- **EXERCISE PROMPT**
Word-for-word repetition of the records below is needed, but only from the line holding "Mattel Barbie Party" through the final line, with pictures excluded.

Short text fragments from websites:
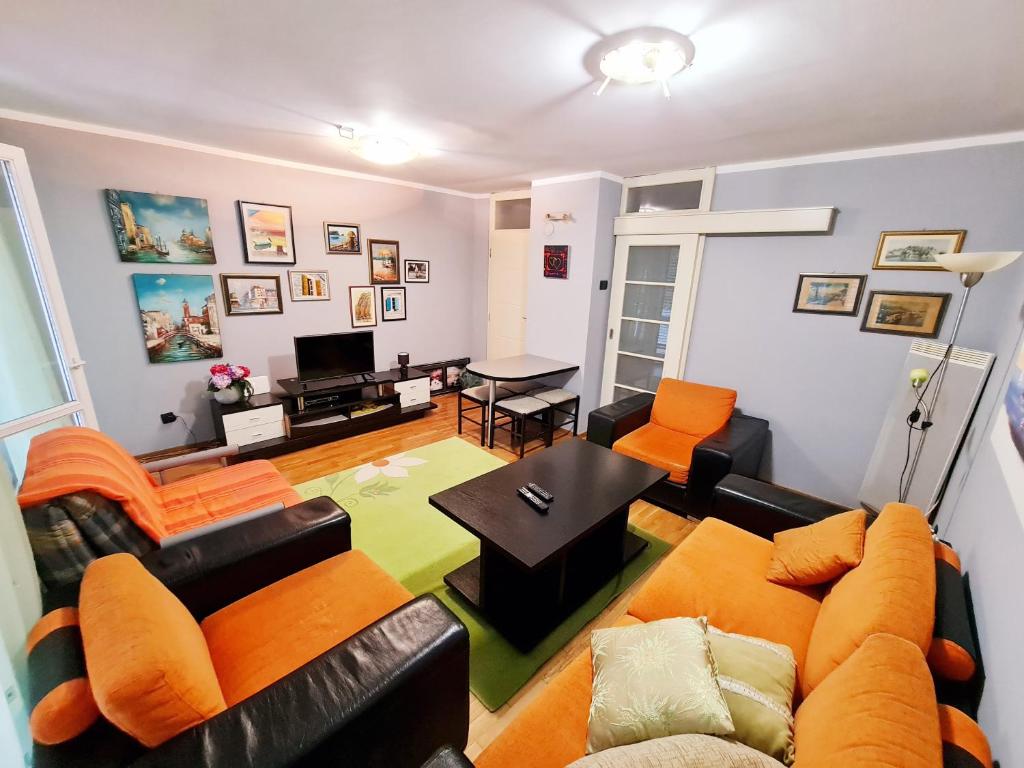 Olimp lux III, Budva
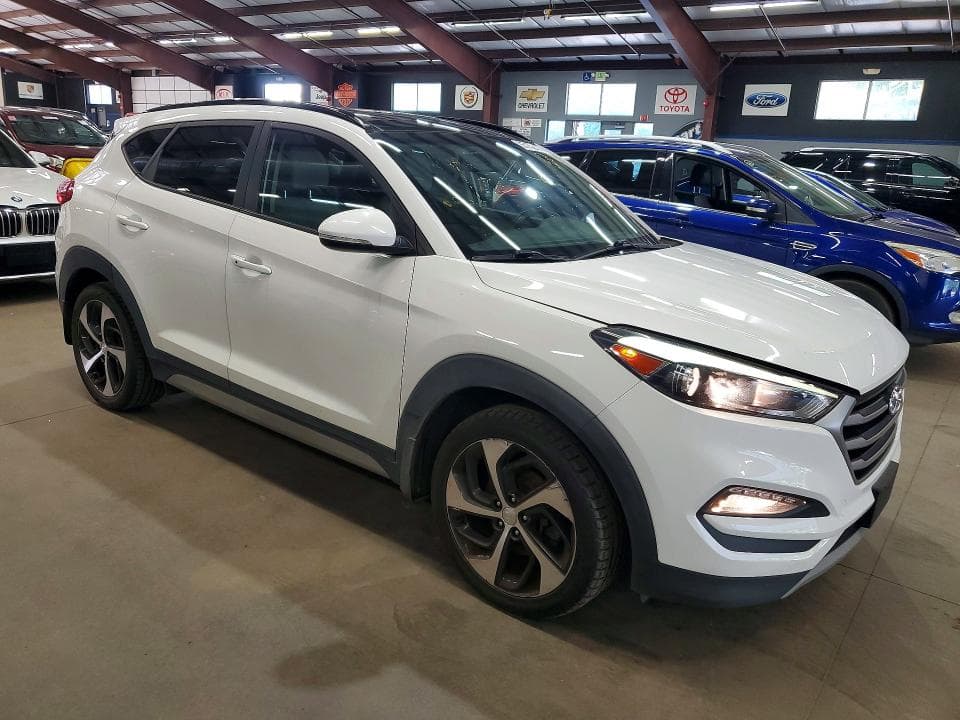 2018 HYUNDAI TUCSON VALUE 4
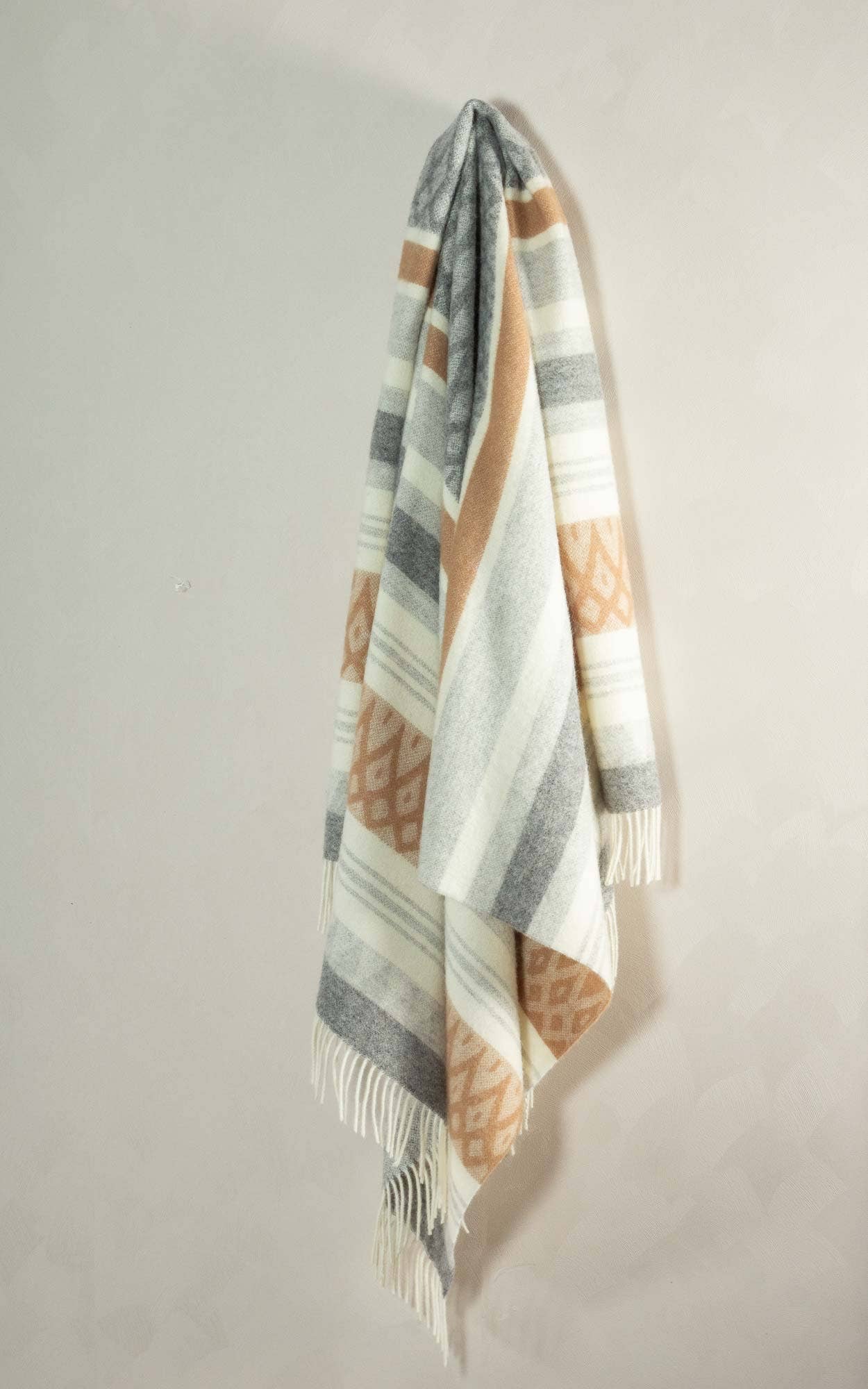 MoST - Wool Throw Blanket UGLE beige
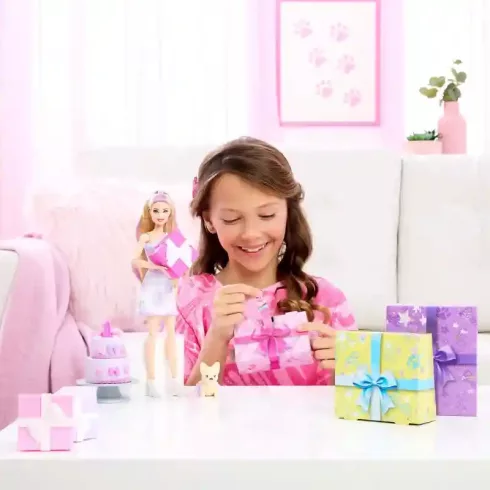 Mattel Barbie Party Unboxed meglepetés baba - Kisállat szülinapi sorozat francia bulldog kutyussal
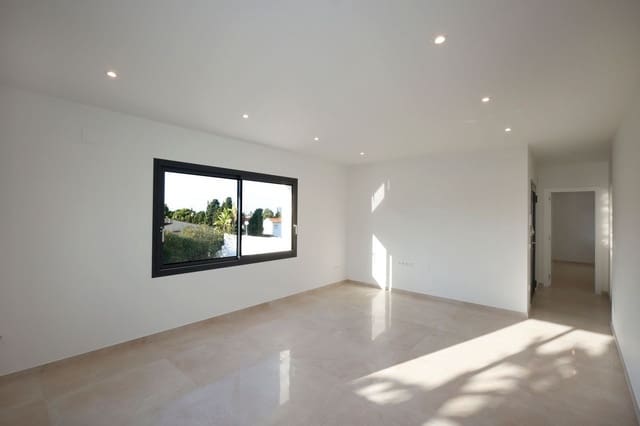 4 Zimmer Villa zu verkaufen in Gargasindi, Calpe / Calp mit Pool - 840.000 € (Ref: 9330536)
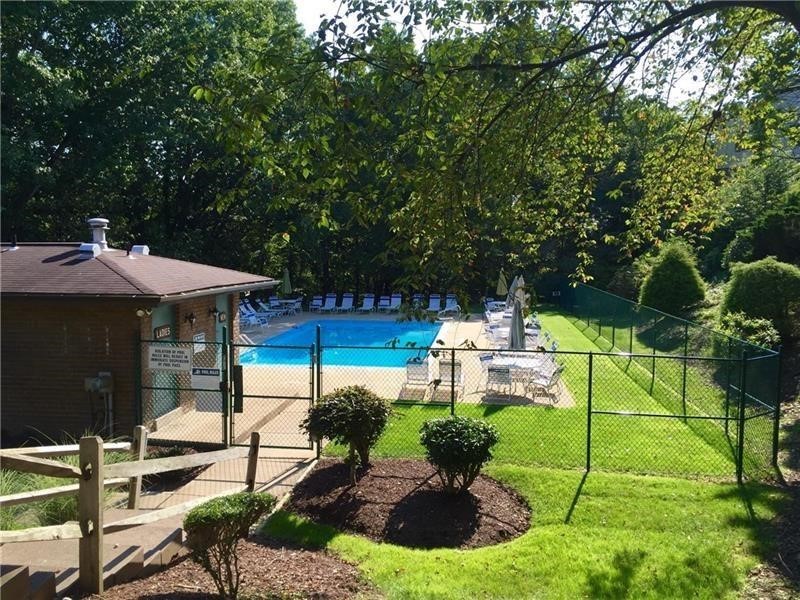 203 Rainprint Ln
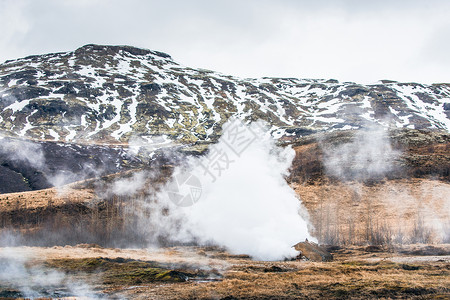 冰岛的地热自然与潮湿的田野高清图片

- **WRITTEN SOLUTION**
 Mattel Barbie Party Unboxed meglepetés baba - Kisállat szülinapi sorozat francia bulldog kutyussal
 4 Zimmer Villa zu verkaufen in Gargasindi, Calpe / Calp mit Pool - 840.000 € (Ref: 9330536)
 203 Rainprint Ln
 冰岛的地热自然与潮湿的田野高清图片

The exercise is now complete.